The Herald, Sharon, PA Published Wednesday, May 8, 2002

FARRELL

Ground broken for Steel City
§   §   §
New community replacing 'project'

By Joe Pinchot
Herald Staff Writer

Although, to many, Steel City Terrace in Farrell is associated with drugs and crime, L. DeWitt Boosel said others have more positive feelings about the doomed public housing complex.

"Steel City has many memories," said Boosel, executive director of Mercer County Housing Authority. "Families live here. Children were raised here. It was a home. It is a home. There is history here."

Perhaps, the legacy of Steel City will be more firmly rooted to families, children and homes when the place is leveled and rebuilt with new houses.

The authority held a ceremonial groundbreaking Tuesday for the monumental task of remaking, not only Steel City, but the entire neighborhood.

Although Farrell officials have not given their OK for the construction, the first heavy equipment could be in within two weeks to knock down the first four barracks-style public housing buildings, west of Spearman Avenue.

Farrell officials have granted demolition permits -- residents are moved out and utility service has been cut and capped -- for the four buildings, and the project is a few weeks away from council approving construction.

The Farrell Planning Commission approved the project for a second time Tuesday.

"On the 20th, we should be able to wrap it up and we can talk building permit," said city zoning officer Mark Yerskey.
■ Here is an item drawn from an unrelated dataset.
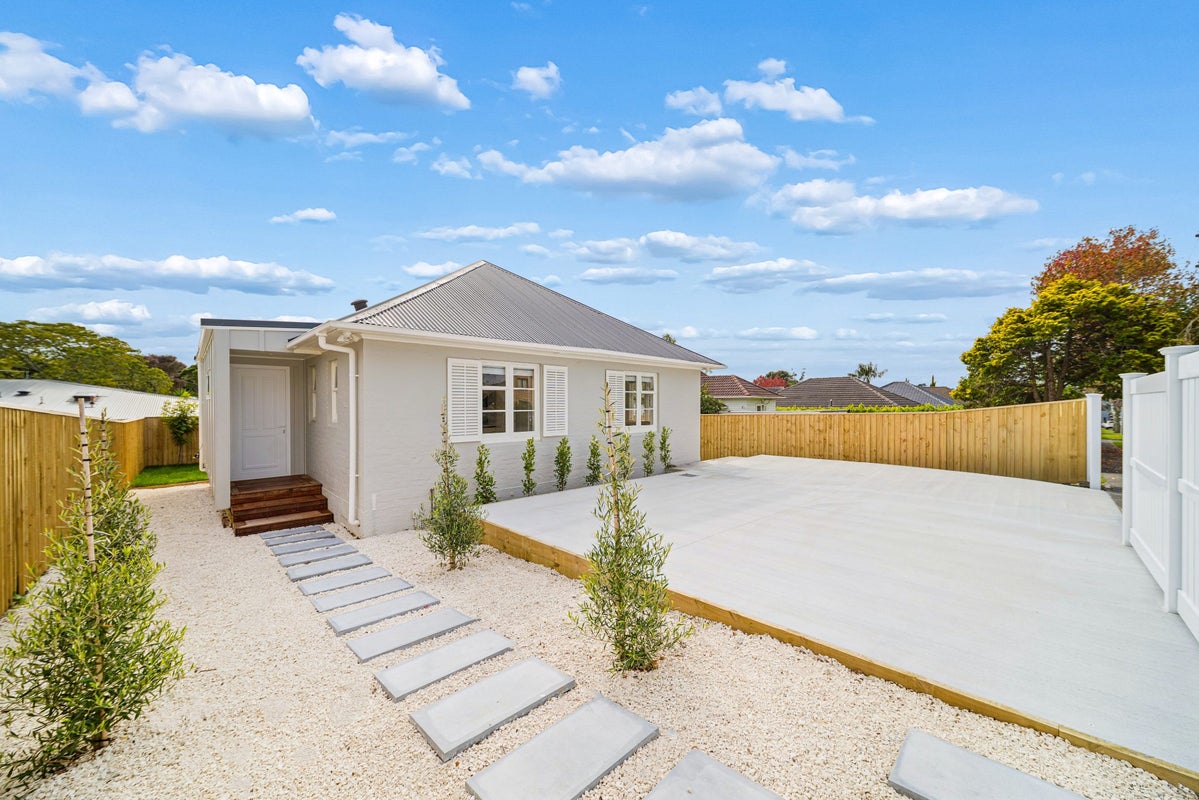 18 Tasman Avenue, Mount Albert, Auckland - Carousel 1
Council will hold a public hearing on the project that day, then approve it, he said.

Council has been supportive during several years of planning, and Mayor William Morocco referred to a phrase from the Declaration of Independence -- "a decent respect to the opinions of mankind" -- when talking about the Steel City plans.

"I don't know of anything else that could fill that definition of decency," he said.
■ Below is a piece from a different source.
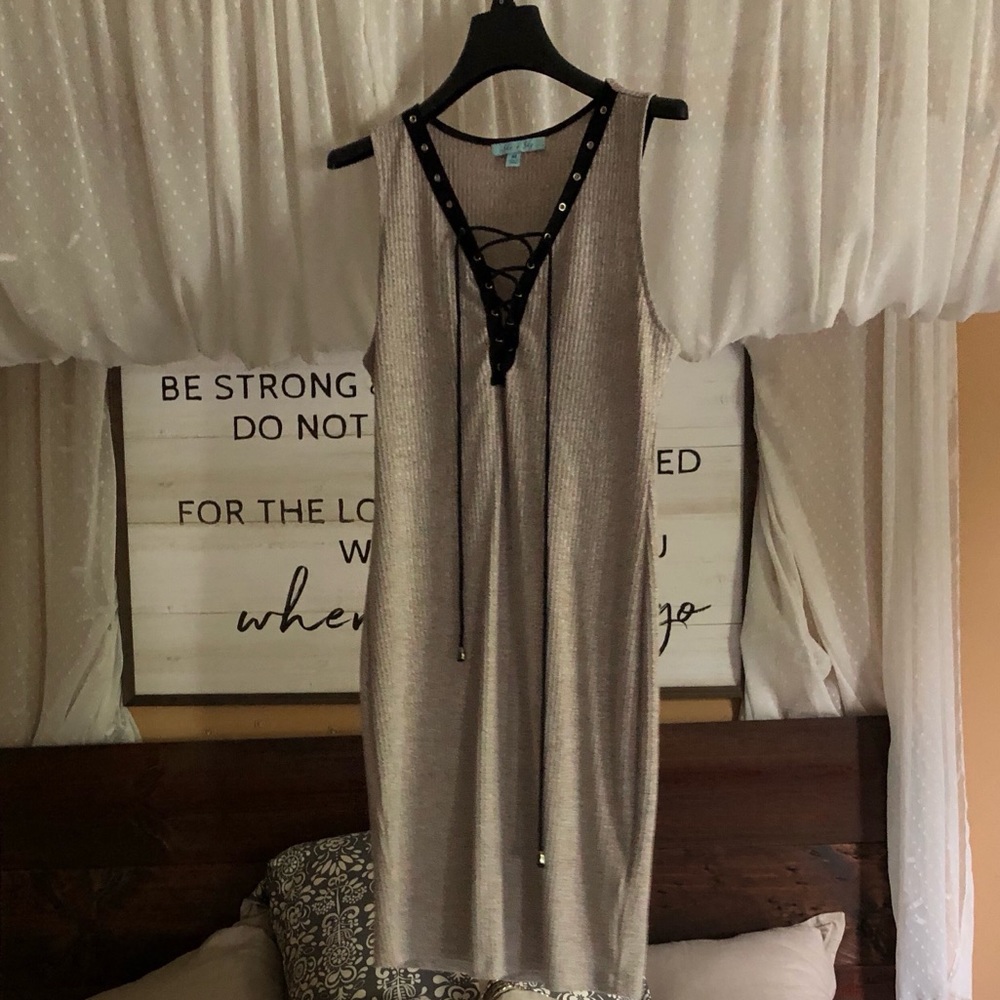 SHE + SKY Midi Dress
The project is heavily regulated by the federal government, and developers have yet to officially close on the deal with the Department of Housing and Urban Development.

"We just received a nine-page memorandum to a document that is not nine pages long," said developer Ralph A. Falbo.

The initial phase calls for the leveling of the 100 apartments and replacing them with 53 rental units, some of which will be for public housing, and others to be rented at closer to the market rate.

Ultimately, the authority and its development partner, Falbo/PennRose Joint Partnership, plan to build 74 public housing units, 45 apartments rented at closer to the market rate and 26 homes for sale.

Some of the work will be done in the surrounding neighborhood.

National City Bank has stepped in to provide a good chunk of the first phase funding, which has a budget of $9 million.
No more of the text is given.